Winter in the Northwest may not be the time of year when some people think of visiting a garden, but Bloedel Reserve on Bainbridge Island embraces nature during every season of the year.
Prentice Bloedel, an innovator of the timber industry, and his wife, Virginia, purchased 150 acres with a residence in 1951 and intended it to be their retirement home. They lived there for 35 years. During those years, Bloedel developed the property within the native Pacific Northwest forest, enhancing the unique, natural qualities of the area.
No plant name tags are on the property for identification because Bloedel did not want anyone to be distracted by the botanical names. Influenced by Thoreau, Bloedel’s intention was to experience a deepening relationship with nature through hearing, seeing, smelling and feeling the details of nature. The residence, which is open during regular hours, contains an excellent collection of other historical photos and documents.
Four distinct areas have evolved over the years. The Japanese garden began in 1955 and contains a structure that is only open for special activities and events. It is surrounded by areas of inspiration from Japanese garden philosophy: spending time in nature for healing and spiritual refreshment.
Another area is referred to as the Orchid Woods Trail. Once home to coral-root orchids, the area has transitioned over the years, allowing more light and making the space inhospitable to growing orchids.
The bird marsh is the most wild and natural part of the reserve. A boardwalk and trestle bridge were completed in the 1990s to facilitate access to this area. The bird marsh will help you understand what Bloedel meant when he said, “Nature can live without man but man cannot live without nature.”
The moss garden and reflection pond were designed in 1982. The moss garden was started with Irish moss but now includes more than 40 species of native mosses. The reflection pool does not depend on pumps or pipes but rather relies on natural springs on the property.
Winter Events at Bloedel
Dwight Shappell, a master craftsman, started designing holiday villages in the 1960s. The collection has been on display for the past seven years.
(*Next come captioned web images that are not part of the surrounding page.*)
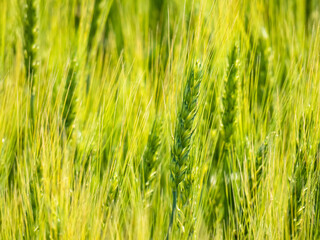 A field where growing wheat sways in the wind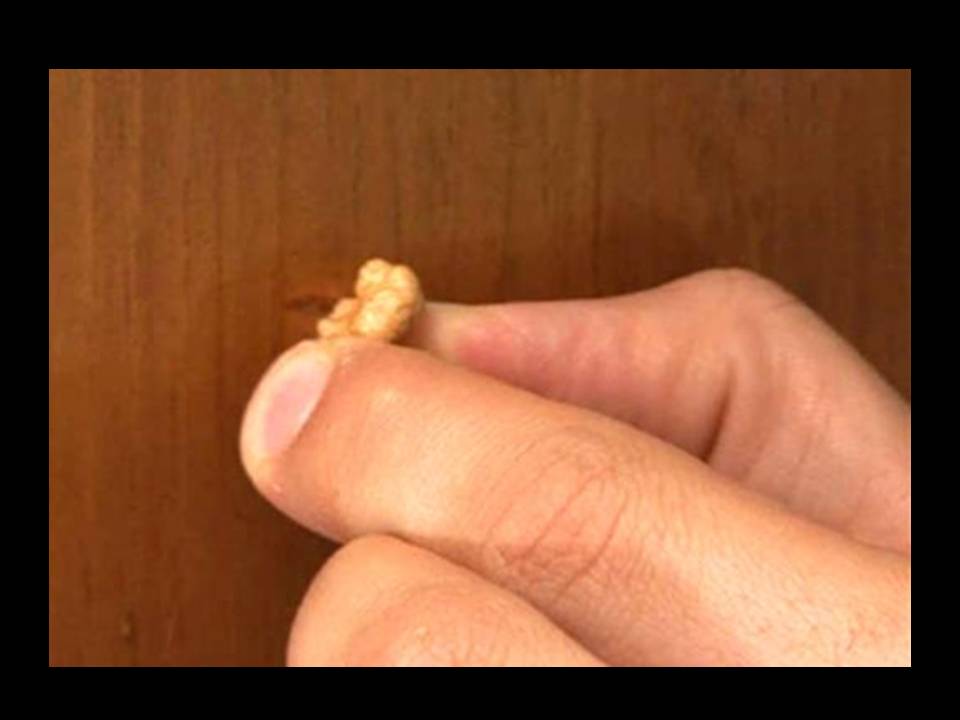 TRUCOS Y CONSEJOS CASEROS: TRUCO PARA REPARAR ARAÑAZOS EN LA MADERA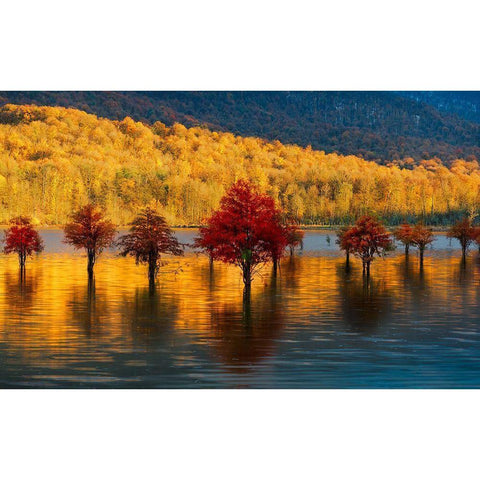 Golden Sunset Black Modern Wood Framed Art Print by Fallahzadeh, Ali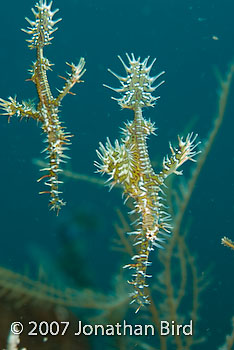 Ornate Ghost pipefish [Solenostomus paradoxus]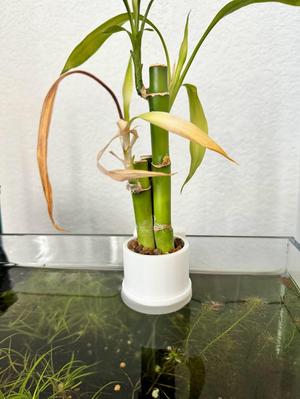 Aquarium plant holder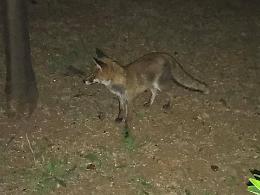 Volpe a passeggio tra le strade, il singolare incontro di mezzanotte (FOTO - VIDEO)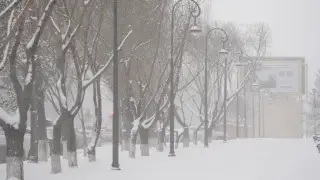 Астану снова скуют морозы, а Алматы накроет снегом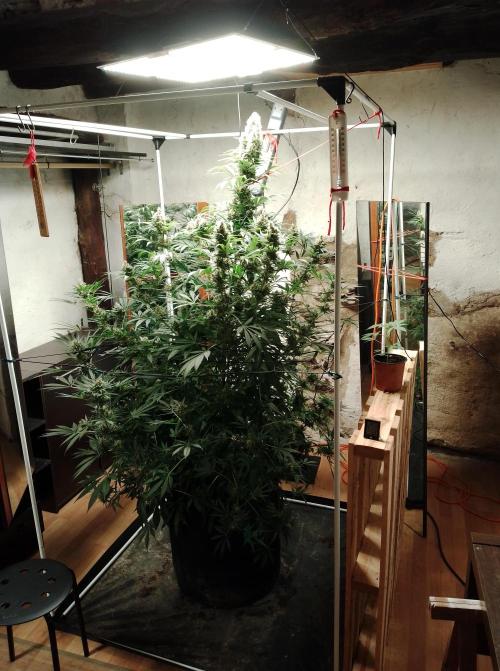 100l/26gal RQS Biscotti Experiment. Week 15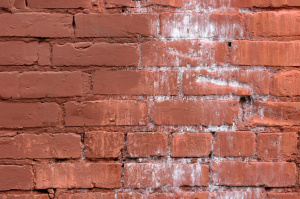 Высолы: лечение и профилактика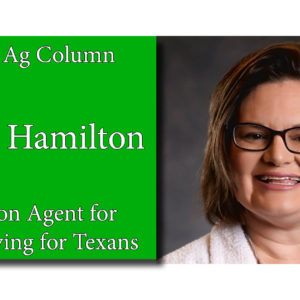wendy-hamilton-ag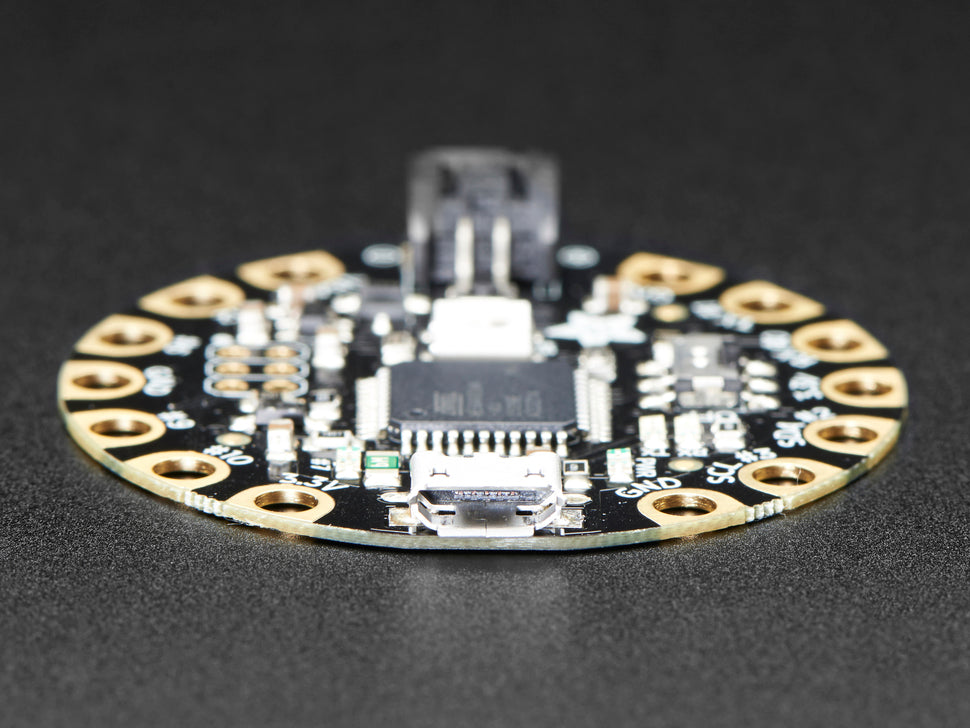 Adafruit Flora image 2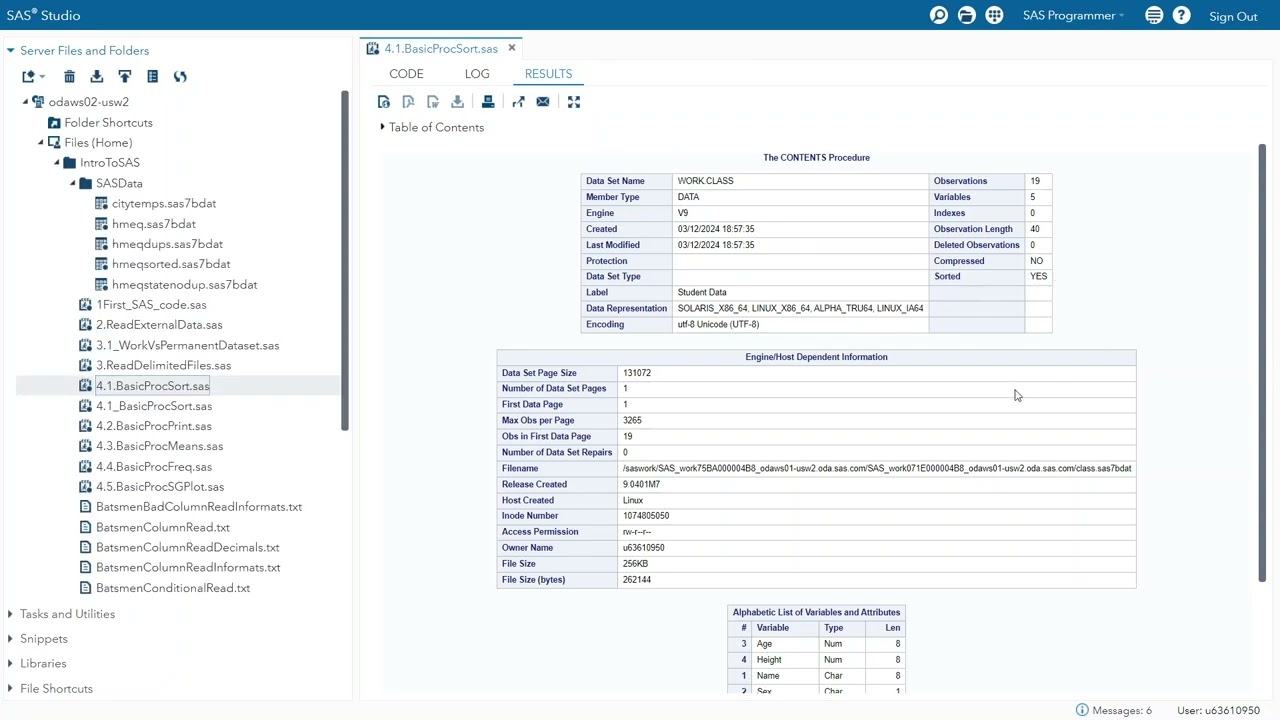 SAS Proc Sort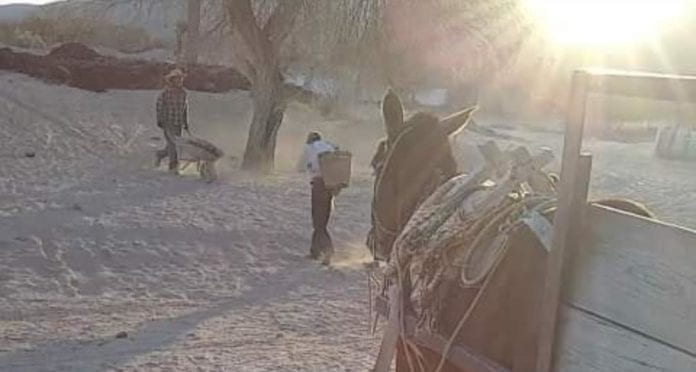 Han sido muy graves los estragos causados por la sequía en Nuevo León y otros estados del norte; los testimonios son desgarradores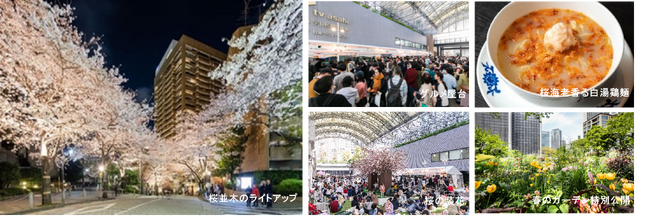 毎年大人気のグルメ屋台や、世界的フラワーアーティストによる桜の装飾が登場「アークヒルズ さくらまつり 2026」開催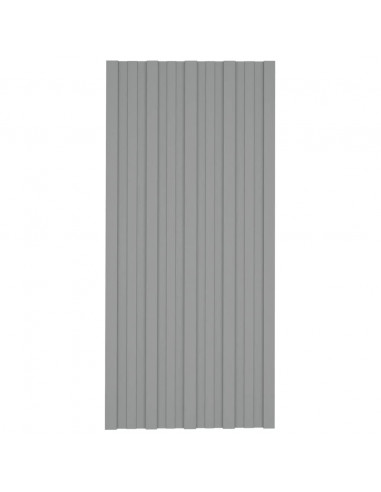 Pannelli da Tetto 12 pz in Acciaio Zincato Grigio 100x45 cm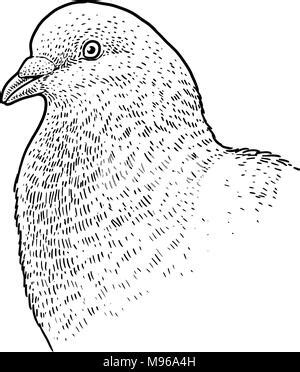 Pigeon Illustration Drawing Engraving Line Art Realistic Stock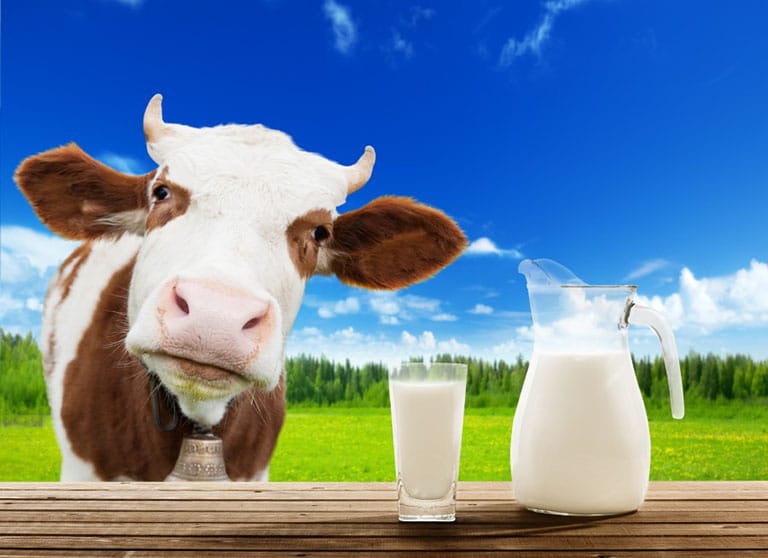 sữa nào tốt cho người bị thoái hóa cột sống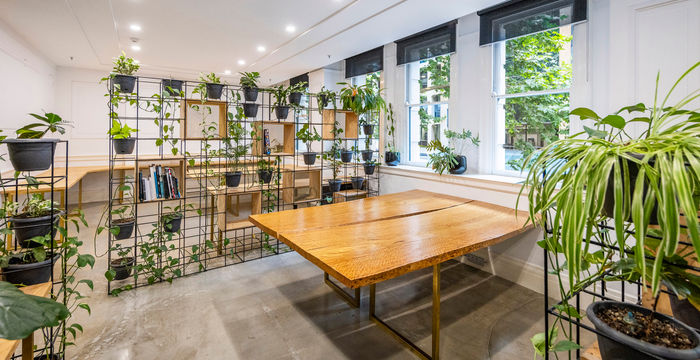 262 Pitt Street, Sydney - Image 5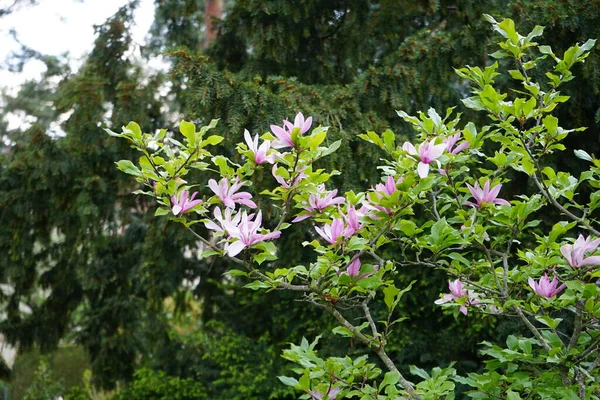 Magnolia Liliiflora Blooms May Garden Magnolia Liliiflora Woody Orchid Mulan — Fotografia de Stock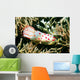 Gymnodoris Ceylonica Nudibranch Solomon Wall Decal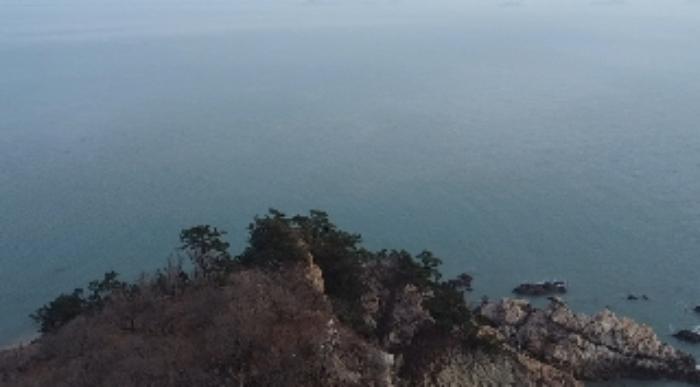 충청남도 태안군 근흥면 신진도리 산19 임야 경매 사진 24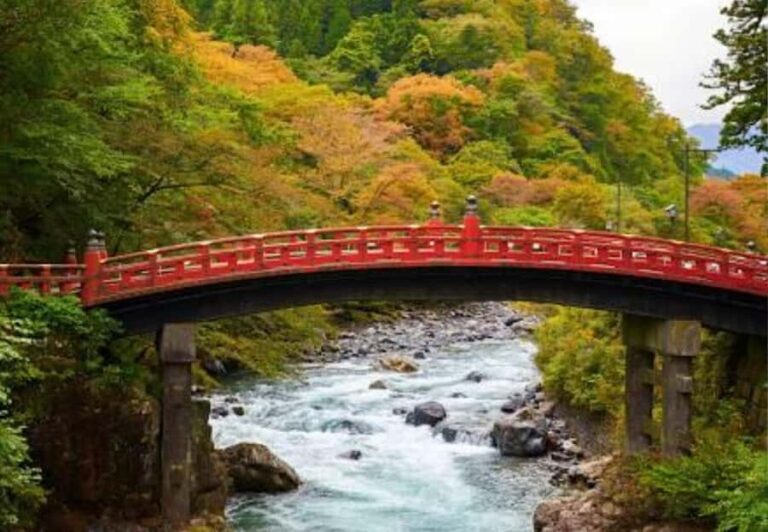 Private Nikko Day Trip from Tokyo  UNESCO Shrines & Nature - Exploring the Itinerary in Detail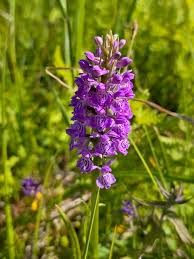 Attēlu rezultāti vaicājumam “Dactylorhiza majalis subsp. baltica flower”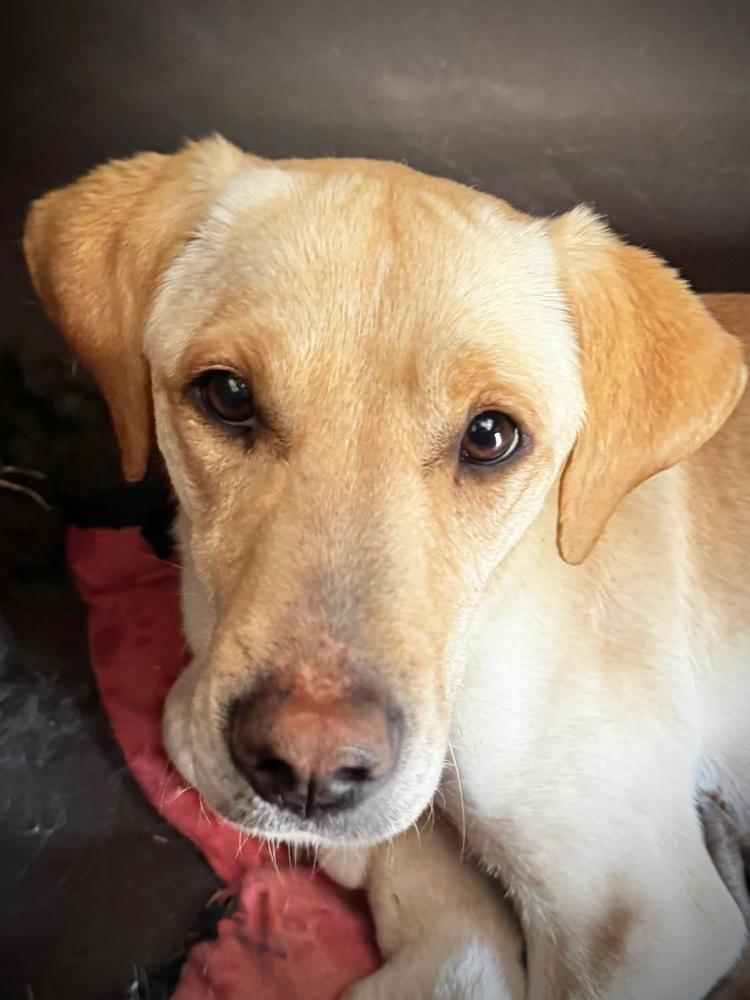 Cournoyer / Pearlie, a Adoptable mixed breed in Broomfield, CO image 4/5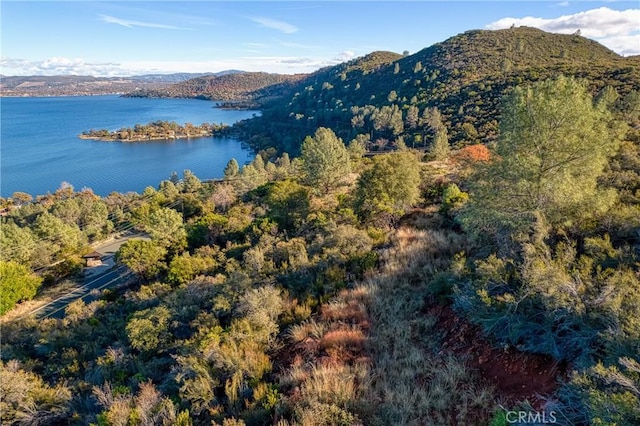 11279 Point Lakeview Rd, Kelseyville, CA 95451 - photo 12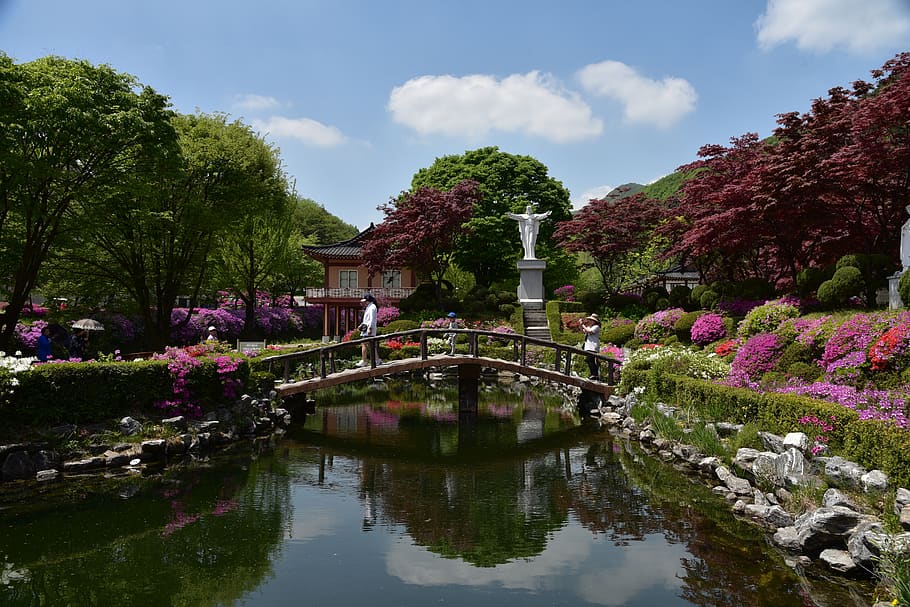 roman catholic, sky clouds, spring, water, plant, reflection HD wallpaper
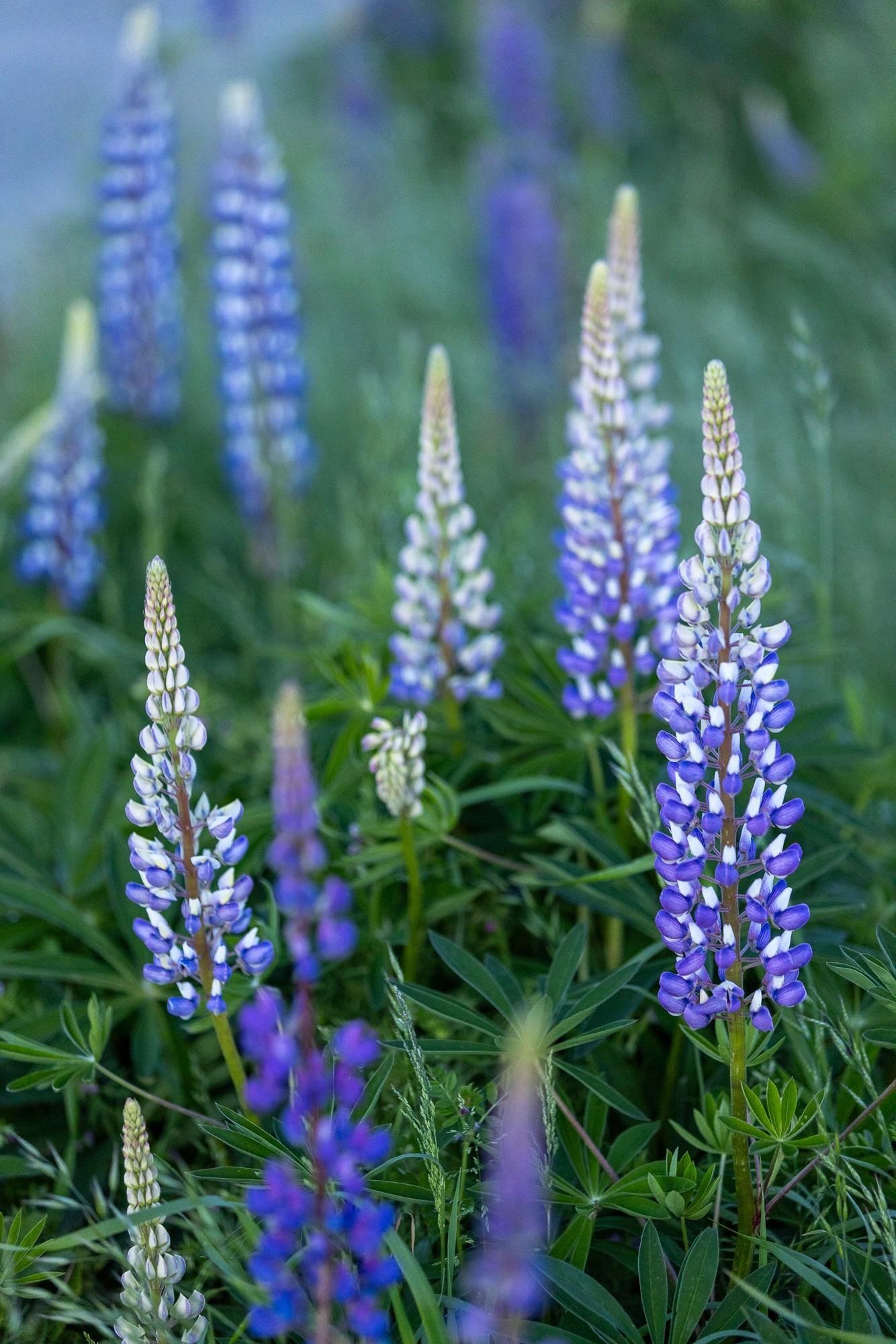 Lupines in Garry Point Park: A Photographic Journey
The Holiday Village is an annual event and is included with the cost of admission to the reserve.
This year, the Village will be open Saturday, Dec. 9, through New Year’s Eve during normal Bloedel Reserve winter hours (Tuesday through Sunday, 10 a.m. to 4 p.m.).
Solstice Walks is now in its fourth year. This popular event allows visitors to experience Bloedel in a completely different way. Hundreds of people gather to wind their way on a staff-led walk through the dark woods and gardens, lit only by handheld lanterns. The inaugural year’s walk was limited to a small audience. Due to popular demand, walks have been added on several evenings for up to 200 people per night.